The subject of the day is: Night! Following on from last weeks topic of communal yawning.
One of my favourite books is ‘At Day’s Close: Night in Times Past’ by A. Roger Ekrich which explores the history and rituals of night. The history of night time is dense and thick - like a mist! Which is what people used to think night time was, according to our A. Roger Ekrich:
Evening does not arrive, it thickens. Wayfarers were ‘overtaken’ as if enveloped by a black mist, not only seen but felt as the old testament recounts.
We cannot cover all of this mist in one post, so today we’ll scratch the starry surface of candlelight, before our transition into electric light during the industrial revolution. If you’ve ever seen summer camp you will know that our writers room is the official pre-industrial revolution fan club.
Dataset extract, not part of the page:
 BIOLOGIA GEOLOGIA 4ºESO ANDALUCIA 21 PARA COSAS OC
Let’s start by calling it what is wants to be called:
As a mark of its special nature, darkness in Britain and America was frequently known as the ‘night season’ or an ‘alternate reign’
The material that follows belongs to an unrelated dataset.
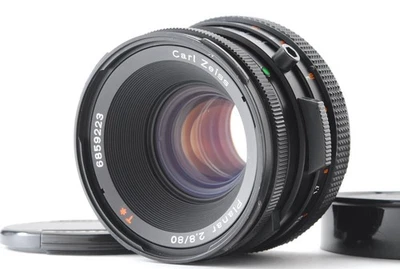 [PRESQUE COMME NEUF] Objectif noir Hasselblad Carl Zeiss CF Planar 80 mm... - Photo 1/4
Since the invention of gas light:
Our evening life has experienced an indescribable intensification, our pulse has accelerated, nervous excitation has been heightened; we have had to change our appearance, our behavior and our customs, because they had to be accommodated to a different light. Heightened exposure to artificial lighting, both at home and abroad, altered circadian rhythms as old as man himself.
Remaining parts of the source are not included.